Hotel occupancy in Palm Beach County climbed by 15.8 percent in October, an increase local tourism leaders say was likely caused by the lingering effects of Hurricane Irma.
As residents and business owners in the Florida Keys continue to deal with damage caused by the Sept. 10 storm, some tourists have opted to find new accommodations in other parts of the state. That shift helped keep Palm Beach County hotel rooms full during what is typically a slow time of year for local hoteliers.
“The Keys are dealing with a lot of damage,” said Rick Netzel, director of sales and marketing at the Best Western Palm Beach Lakes Inn. “Palm Beach was basically untouched. If people were traveling, they were traveling here. We know that to be true just in speaking with our guests.”
Irma made landfall in Cudjoe Key, temporarily closing hotels, restaurants and other tourism-related businesses. Palm Beach County’s hotel industry, however, was unscathed.
A record-breaking 396,000 hotel rooms nights were sold in Palm Beach County during October, up 19.7 percent from October 2016, according to Discover The Palm Beaches, the nonprofit group charged with marketing the county as a travel destination.
Countywide hotel occupancy hit 75.5 percent in October, up from 65.2 percent a year ago, Discover said.

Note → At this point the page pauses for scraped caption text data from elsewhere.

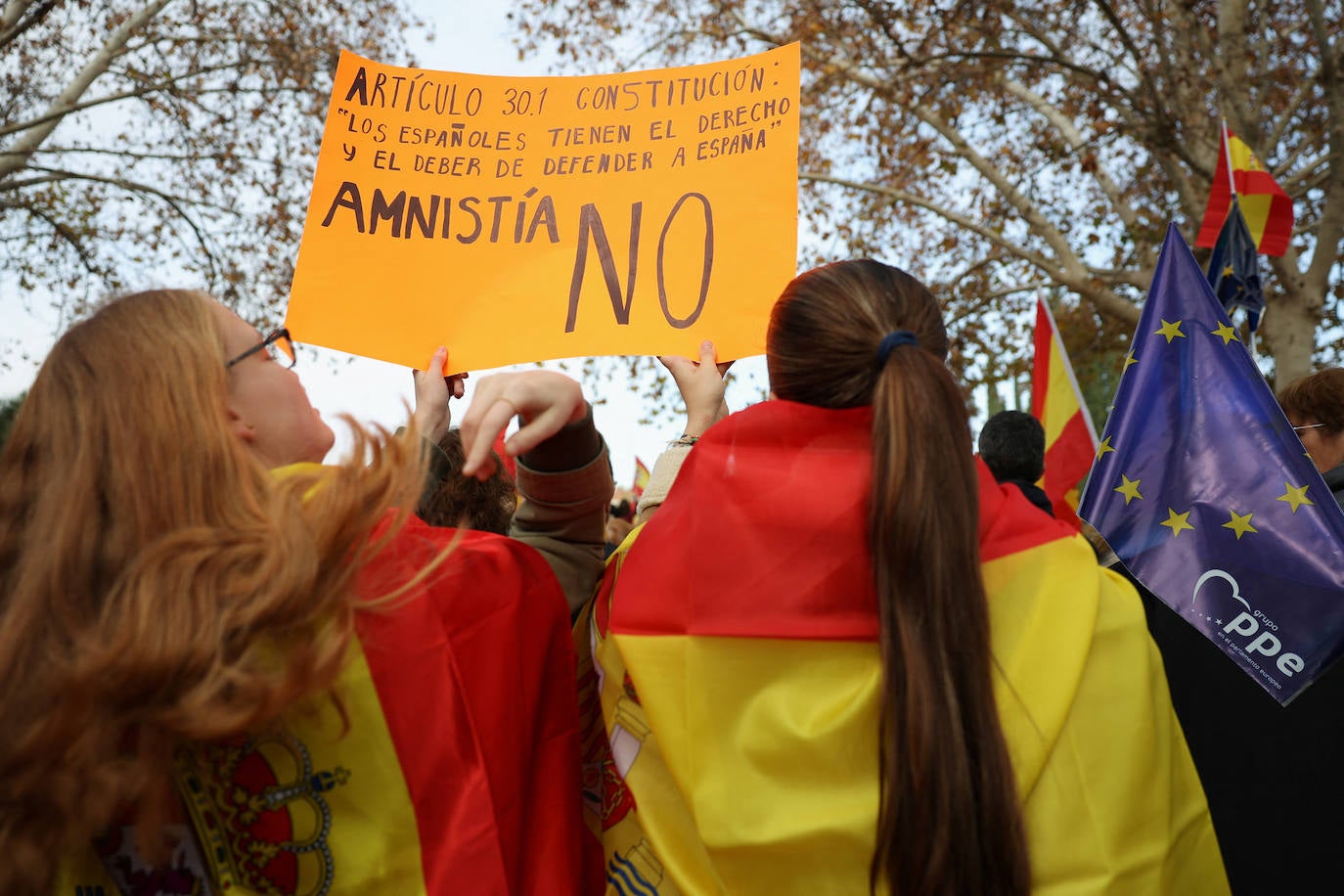 Una pancarta contra la amnistía en la manifestación del Templo de Debod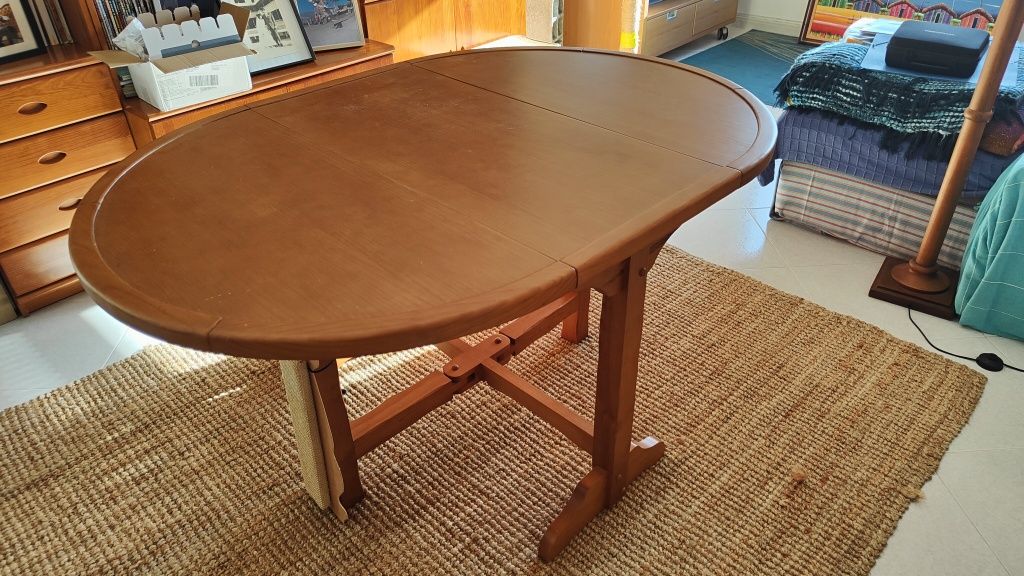 Conjunto Mesa sala jantar 4 cadeiras forradas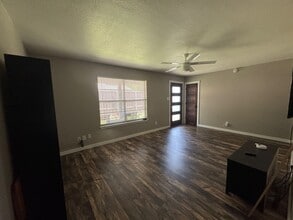600 N East St in Arlington, TX - Building Photo - Building Photo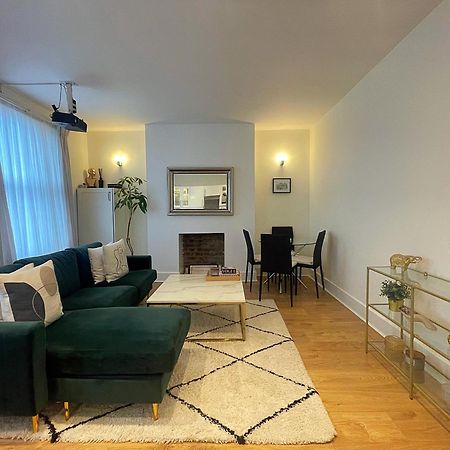 Queen Bedroom In Maida Vale Лондон Екстер'єр фото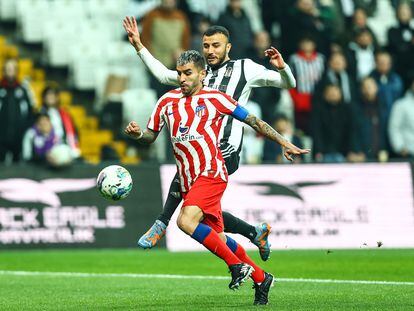 Ángel Correa trata de controlar el balón en el amistoso que el Atlético disputó el pasado miércoles ante el Besiktas en beneficio de las víctimas del terremoto de Estambul.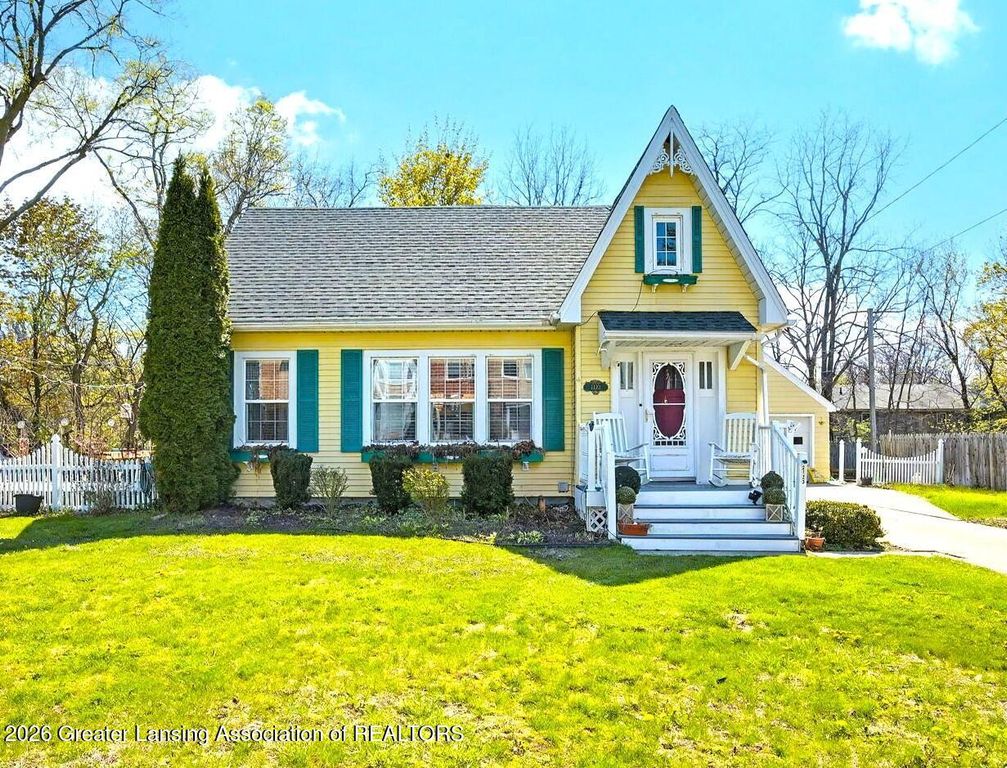 2123 Clinton Street, Okemos, MI 48864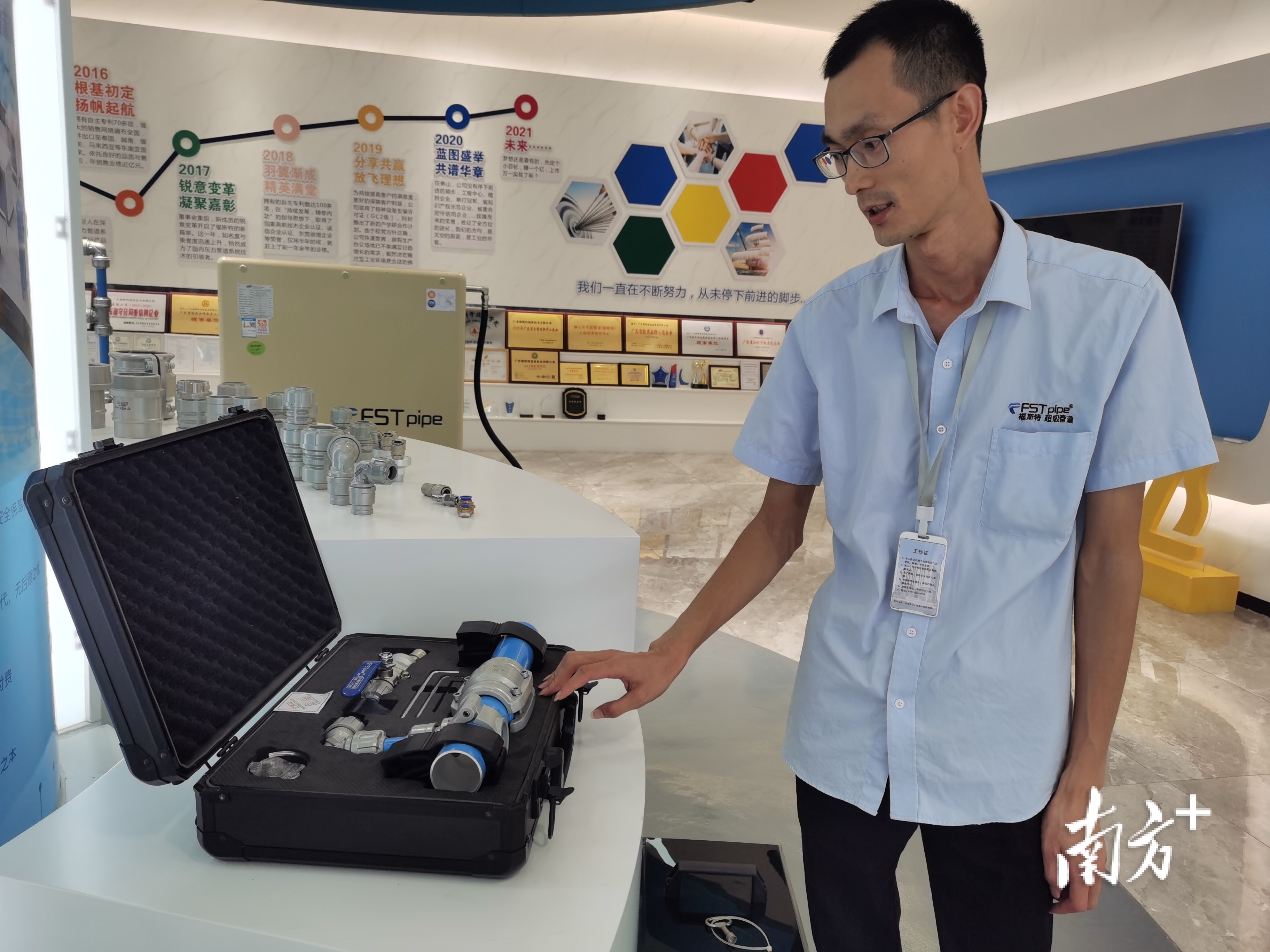 福斯特落户禅城以来,从最初4人发展至200多人,厂房扩张了5倍,近两年每年营收增长50%。罗湛贤 摄 福斯特落户禅城以来,从最初4人发展至200多人,厂房扩张了5倍,近两年每年营收增长50%。罗湛贤 摄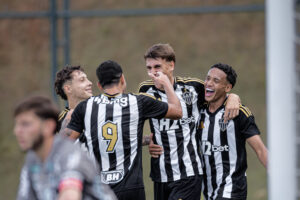 Galinho fará clássico pelo Estadual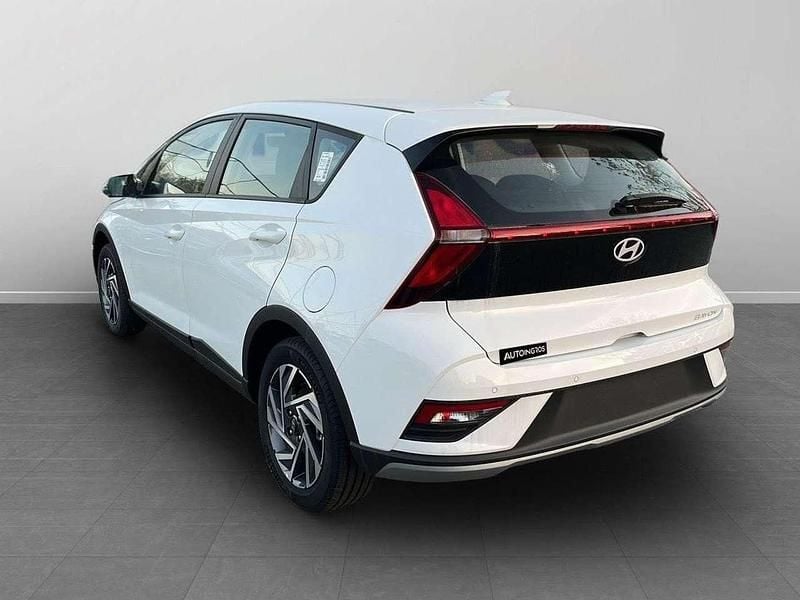 Nuova Hyundai Bayon 101 CV (74 kW) 2025 Atlas white SUV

Another key benchmark for the tourism industry — revenue per available hotel room — grew 21.1 percent this past month. The benchmark, which gives an average of what visitors pay based on the number of rooms available, is used by local hoteliers to evaluate the state of the tourism industry here.
“The Palm Beaches saw dramatic occupancy increases year-over-year for the month of October, even while our room inventory increased,” said Jorge Pesquera, Discover’s president and CEO. “While being sensitive to the areas that were negatively impacted by Hurricane Irma, we do want to celebrate that so far this year, all our hotel performance metrics show positive growth. We’re confident that tourism will continue to see increases across the board for the rest of the year, as we continue to promote the destination’s amazing range of authentic experiences as ‘The Best Way To Experience Florida.’”
In the days after hurricane moved across the state, Discover officials launched a marketing campaign designed to let travelers know the county’s tourism industry was open for business.
Tourism is Florida’s largest industry, accounting for roughly 1.4 million jobs. More than 112 million out-of-towners traveled to the state in 2016, spending $108.8 billion during their stays here, according to Visit Florida, the state’s tourism marketing organization.
In Palm Beach County, the industry employs roughly 66,000 residents and contributes more than $7 billion to the local economy.